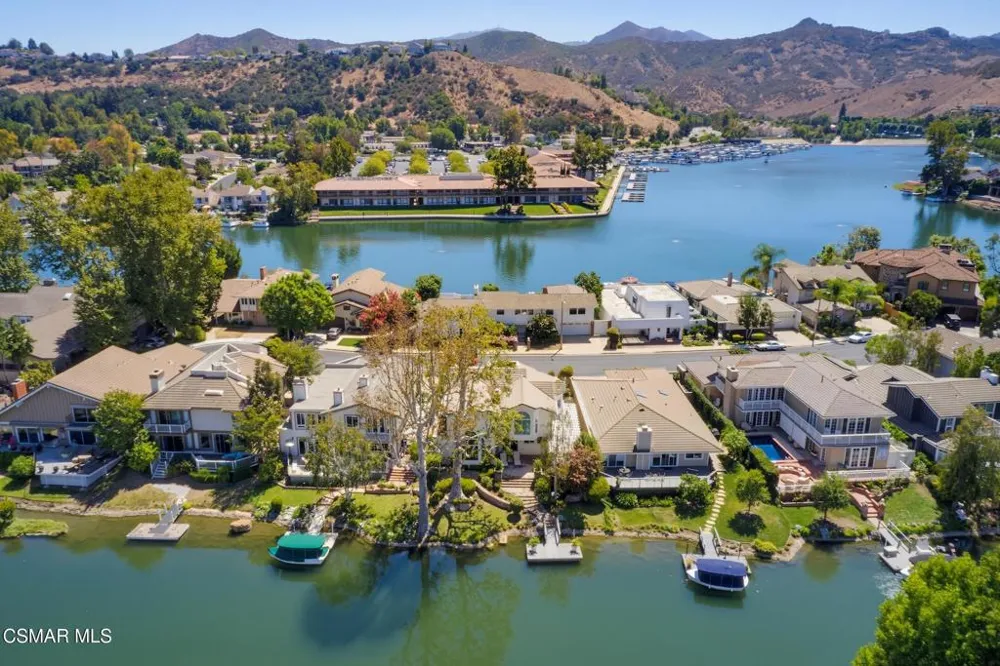 3927 Fairbreeze Circle Westlake Village, CA 91361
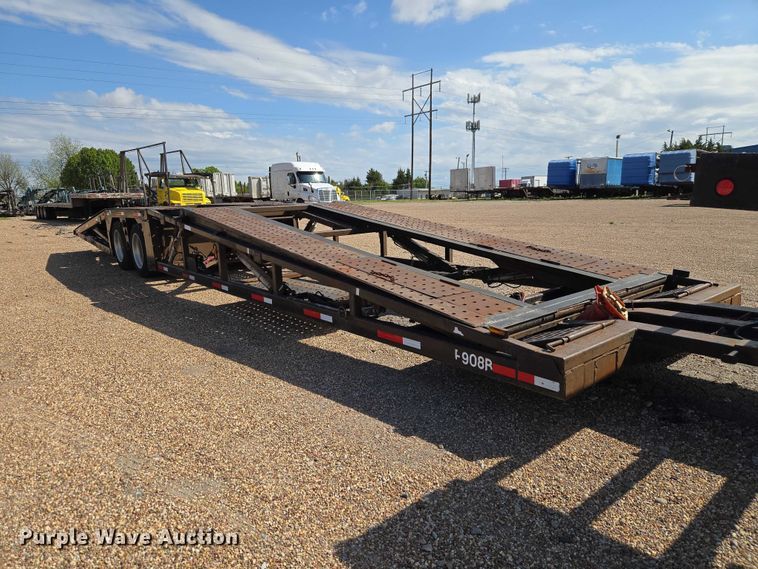 image for item ET5163 2019 Freightliner Cascadia semi truck with car carrier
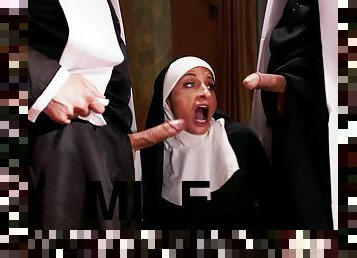 Silvia Saige dresses as a nun loves to eat cum from her lovers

**Goal of the exercise**
Return the lines above exactly; the images are not part of the copy.

**Solution to this exercise**
 3927 Fairbreeze Circle Westlake Village, CA 91361
 image for item ET5163 2019 Freightliner Cascadia semi truck with car carrier
 Silvia Saige dresses as a nun loves to eat cum from her lovers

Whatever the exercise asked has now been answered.